• [PROMPT]: Exact copies of the lines below, from the one with "Mix beans fall" up to and including the one with "With a smart TV and a sofa couch", are what this calls for; leave out pictures.

----------------------------------------

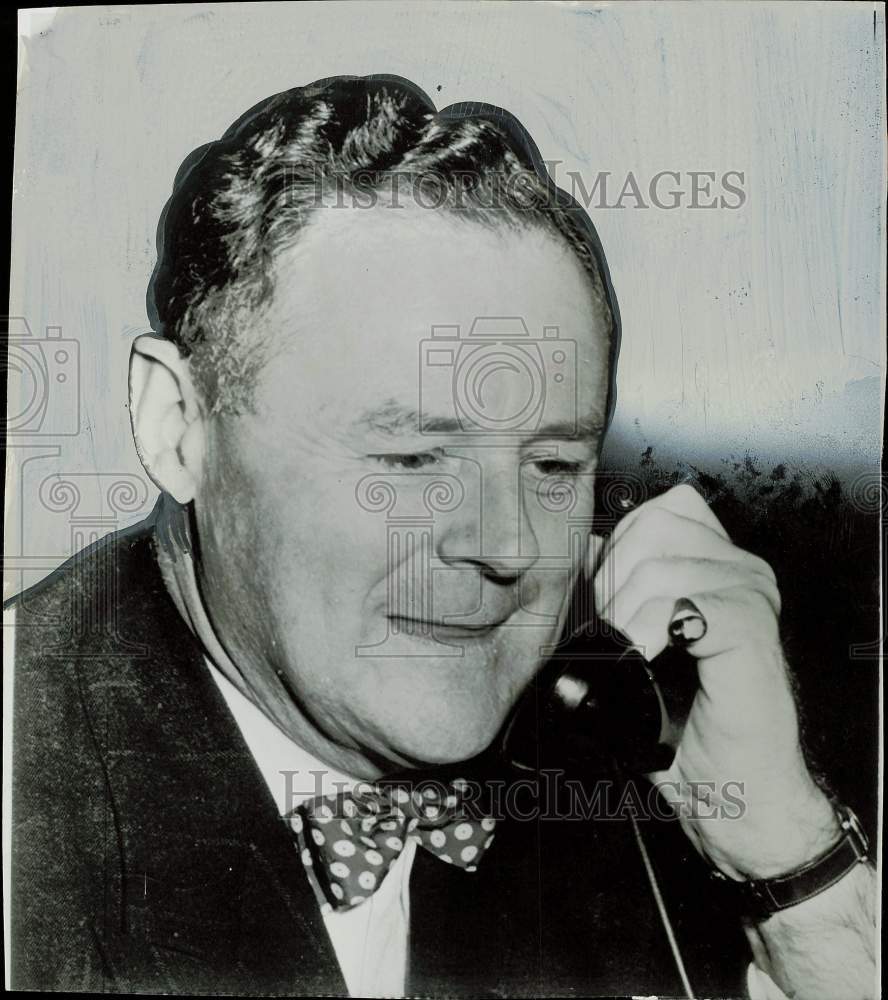 1956 Press Photo Roger Putnam on phone at KPRC-TV - hpa81017- Historic Images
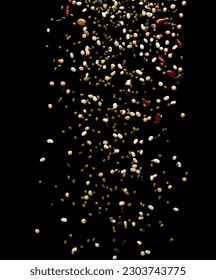 Mix beans fall down explosion, several multi kind bean float explode. Dried mixed white green red soy black peanut beans splash throwing in Air. Black background Isolated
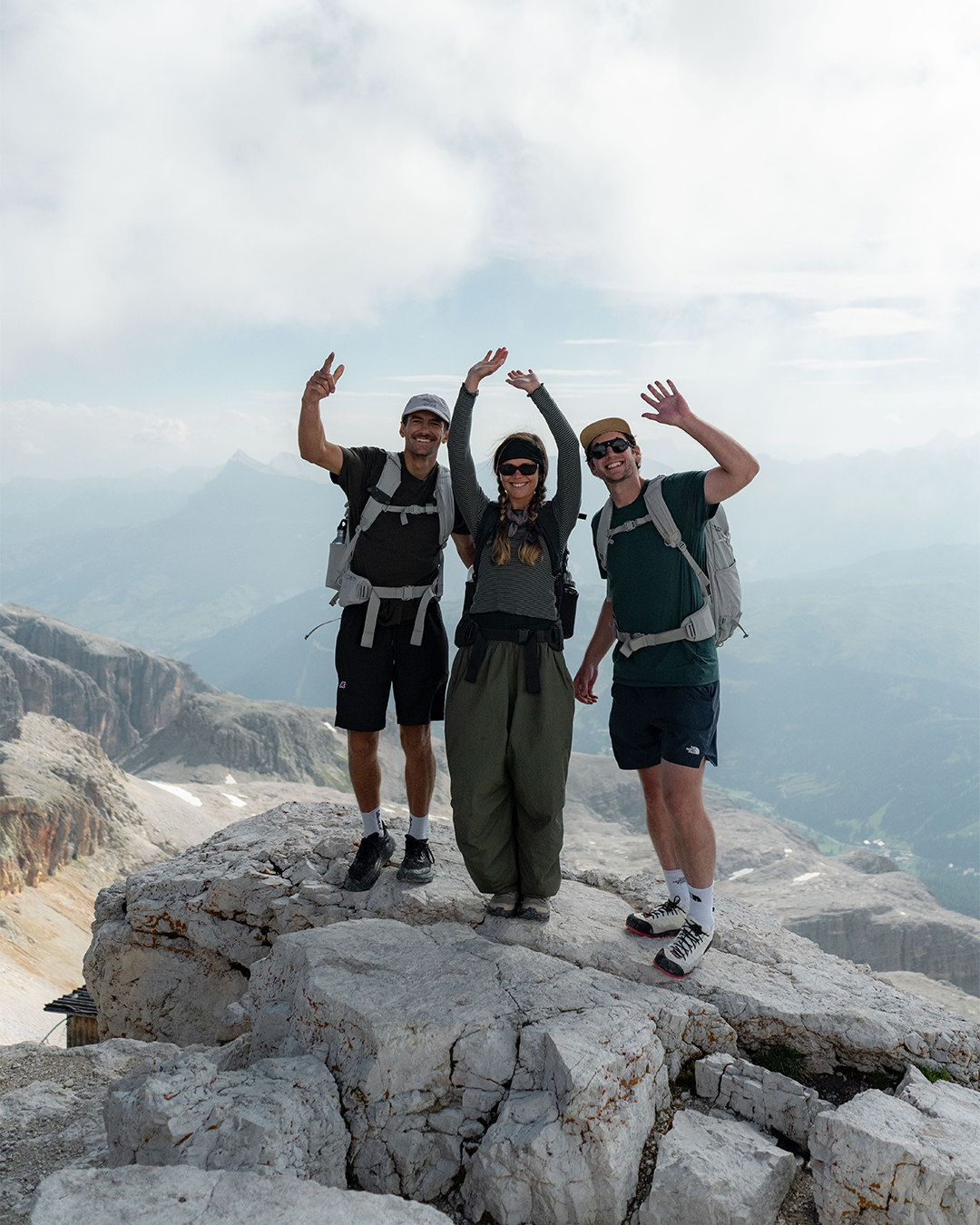Three hikers posing together on a rocky mountain summit with a scenic alpine landscape in the background under a cloudy sky.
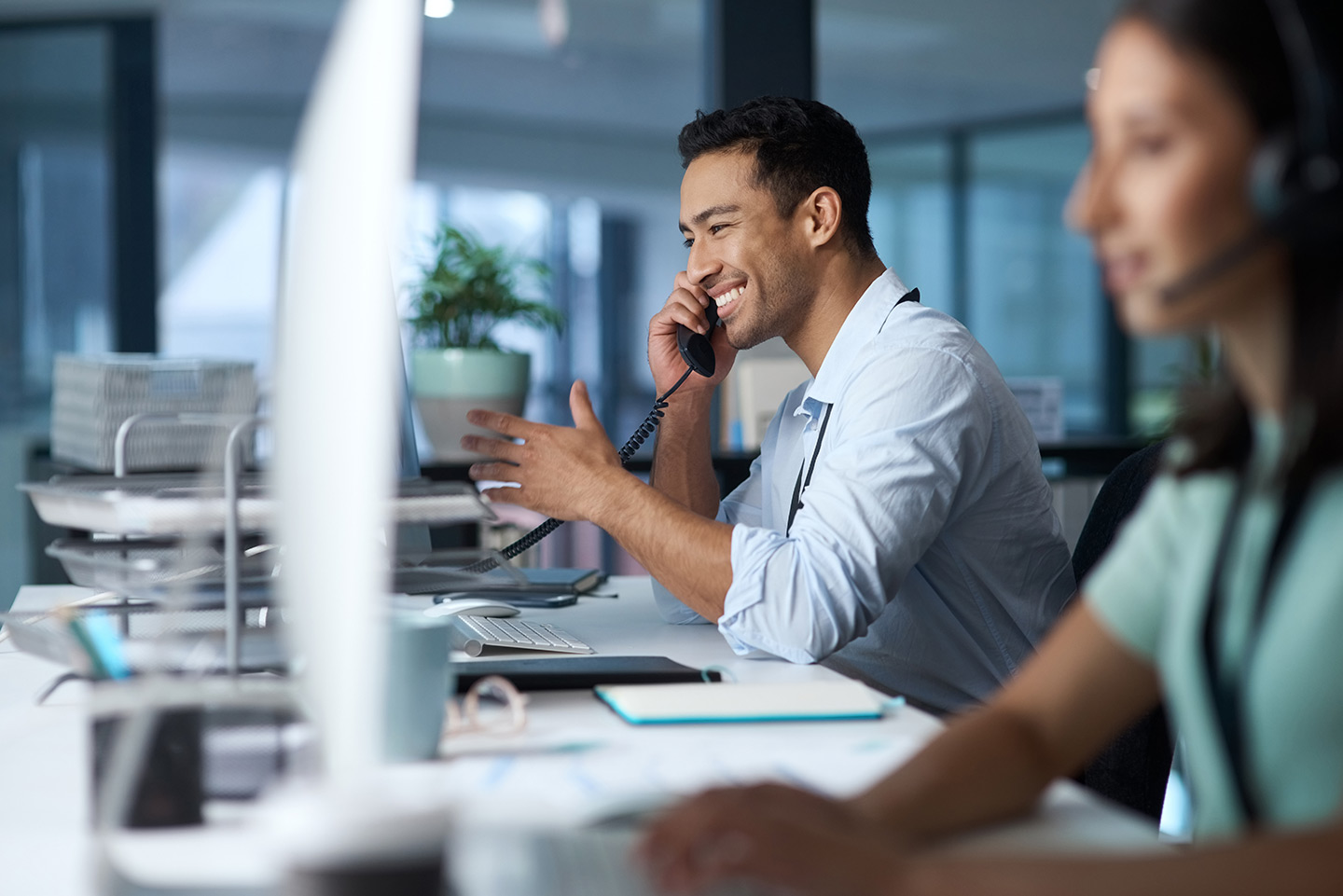young man answering the phone while working in a modern call centre.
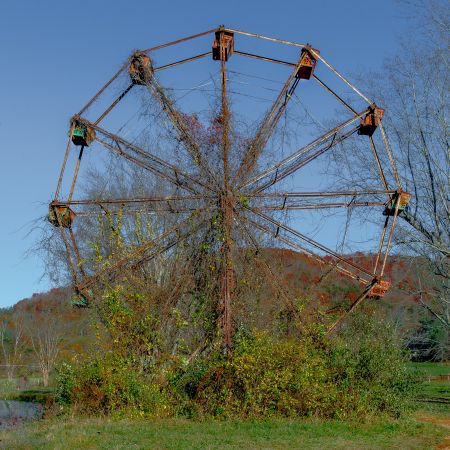 Abandoned West Virginia Ferris Wheel covered in vines.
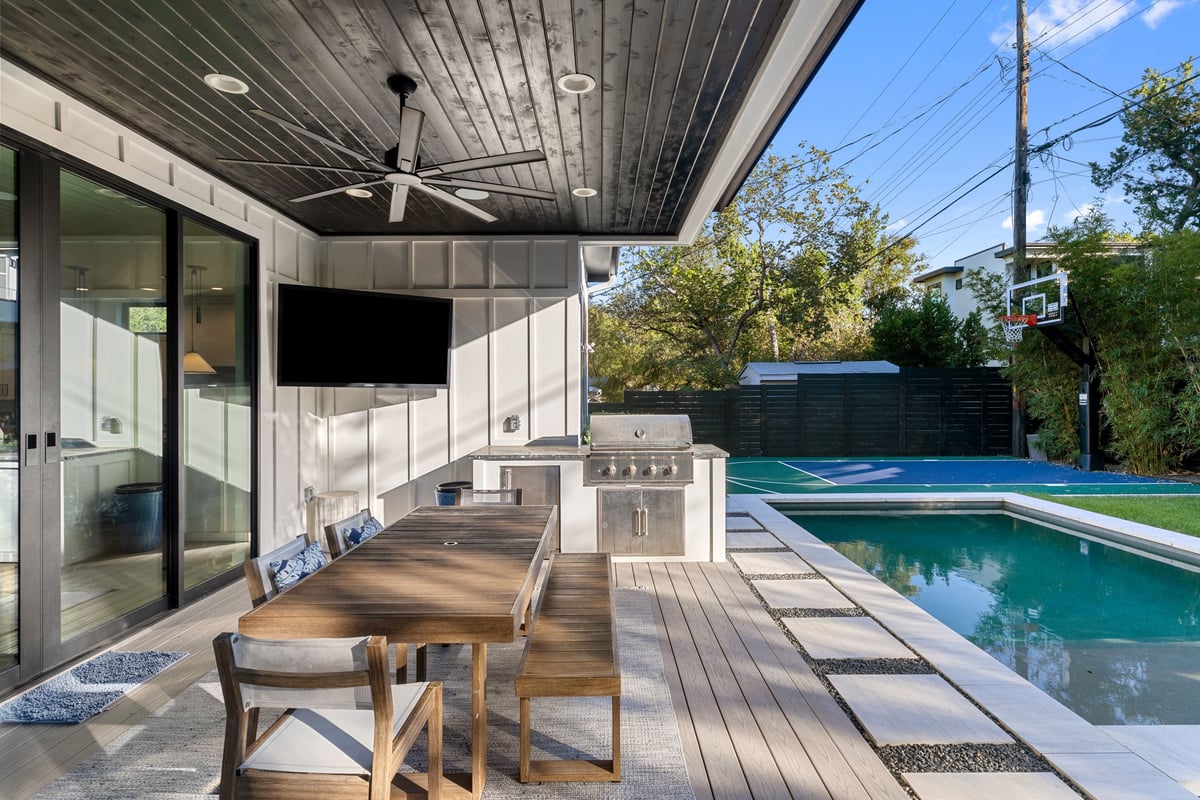 Covered patio with outdoor dining, a television and the outdoor kitchen beside the pool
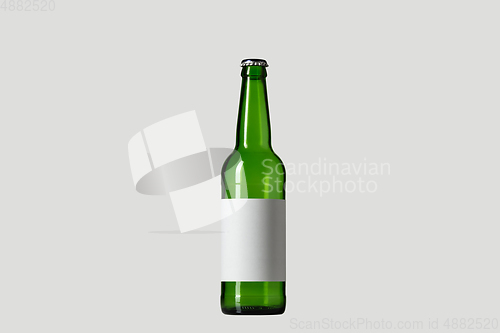 Image of Empty green colored beer bottle. Isolated on white studio background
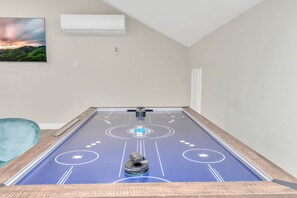 Air Hockey table on the 2nd living room
With a smart TV and a sofa couch
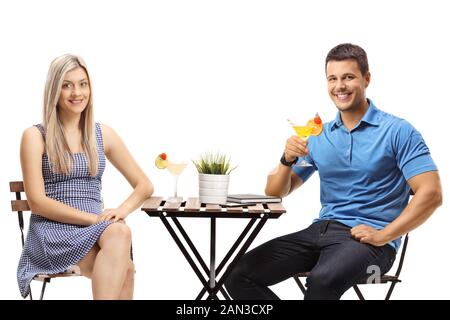 Couple sitting at a table with cocktails isolated on white background Stock Photo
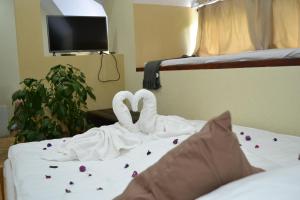 Posteľ alebo postele v izbe v ubytovaní Ezüstfenyő Hotel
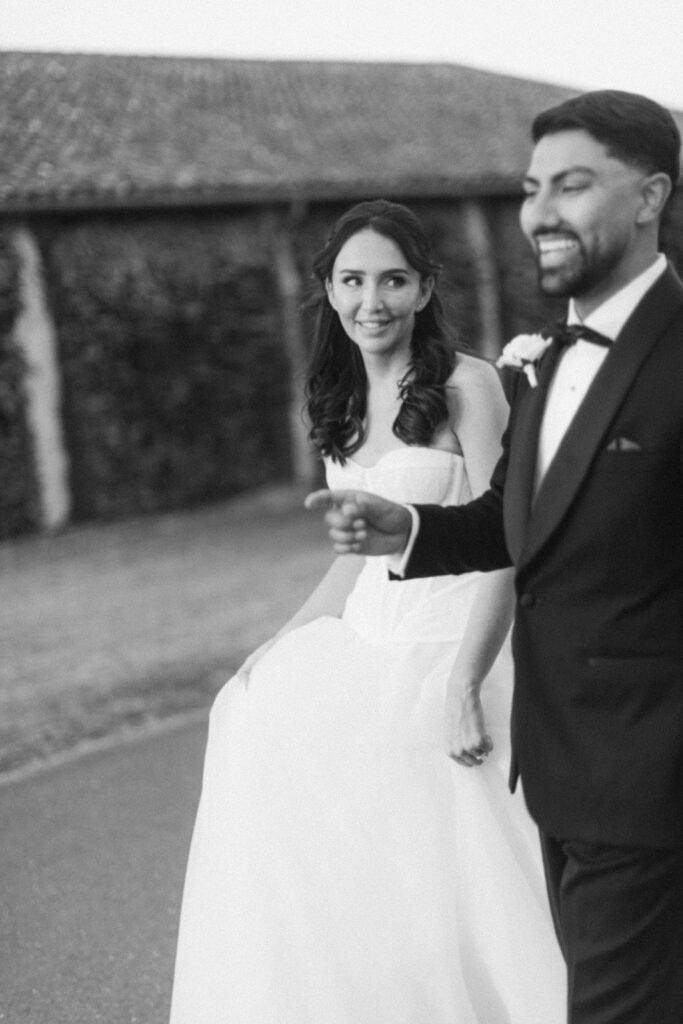 bride and groom walking through vineyard at Chateau de Seguin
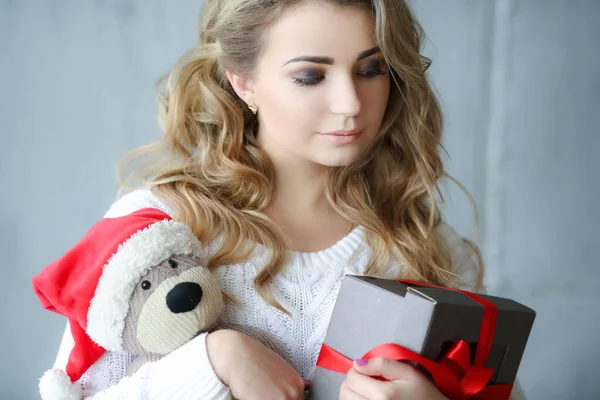Close-up van een vrouw die lacht en een doos vasthoudt met een geschenk en een speelgoedbeer — Stockfoto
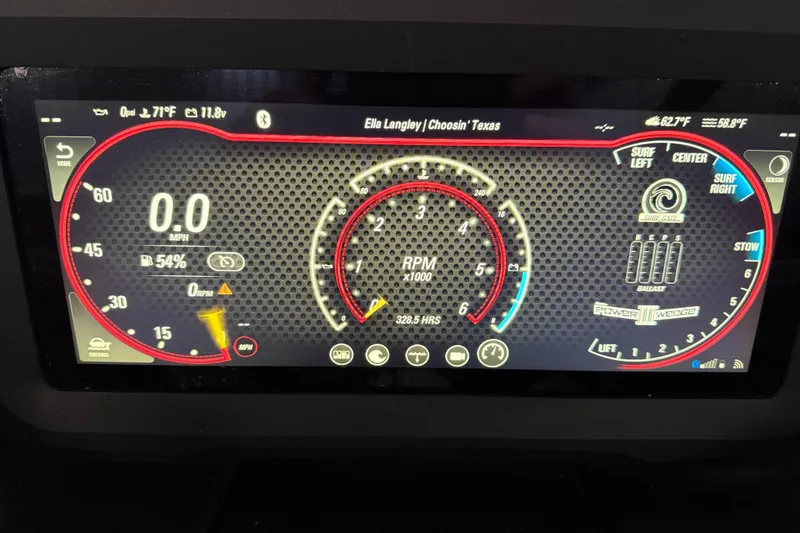 Slide: The Image of Dashboard display of 2022 Malibu Wakesetter 25 LSV boat, showing speed, RPM, and surf settings. - 16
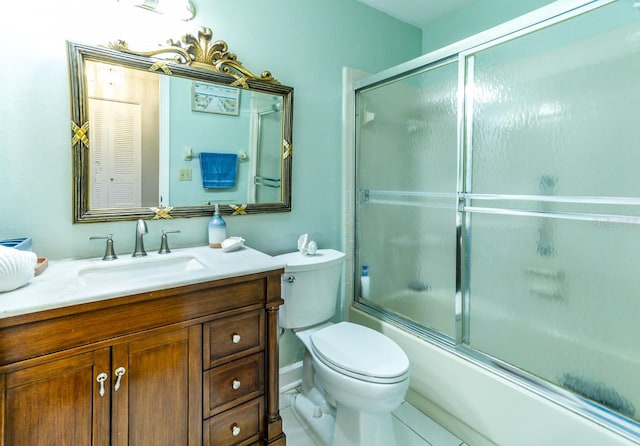 full bathroom featuring shower / bath combination with glass door, tile floors, toilet, and vanity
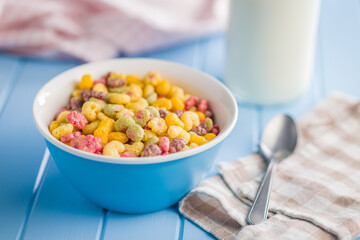 Colorful breakfast cereals in the shape of various fruit in bowl on blue table.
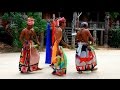 Dayak village in the middle of Kalimantan (Borneo), Indonesia. Traditional dance and music video.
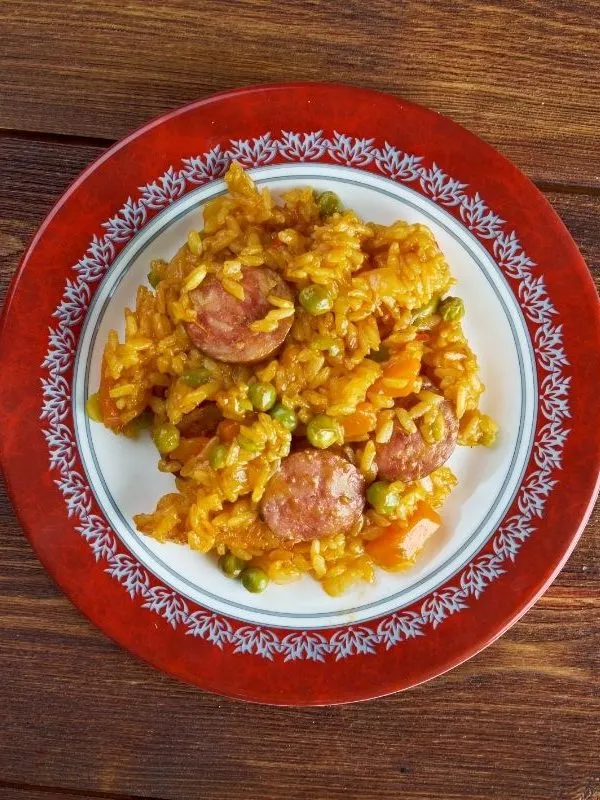 Spanish Chorizo Rice in a bowl on a wooden table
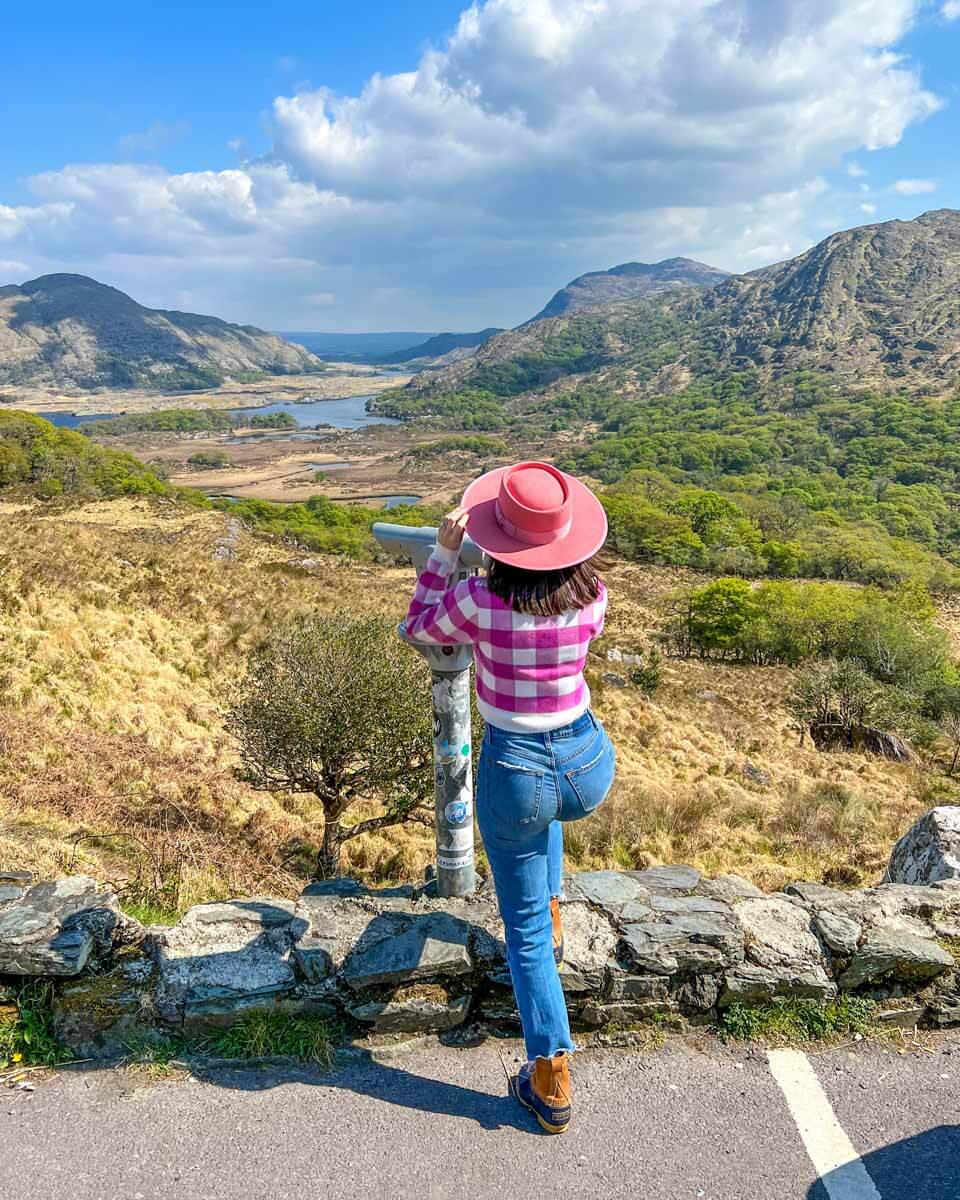 Woman looking through coin-operated binoculars at Ladies View on the Ring of Kerry drive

----------------------------------------

• [WRITTEN ANSWER]:
 Mix beans fall down explosion, several multi kind bean float explode. Dried mixed white green red soy black peanut beans splash throwing in Air. Black background Isolated
Three hikers posing together on a rocky mountain summit with a scenic alpine landscape in the background under a cloudy sky.
young man answering the phone while working in a modern call centre.
 Abandoned West Virginia Ferris Wheel covered in vines.
 Covered patio with outdoor dining, a television and the outdoor kitchen beside the pool
 Image of Empty green colored beer bottle. Isolated on white studio background
 Air Hockey table on the 2nd living room
With a smart TV and a sofa couch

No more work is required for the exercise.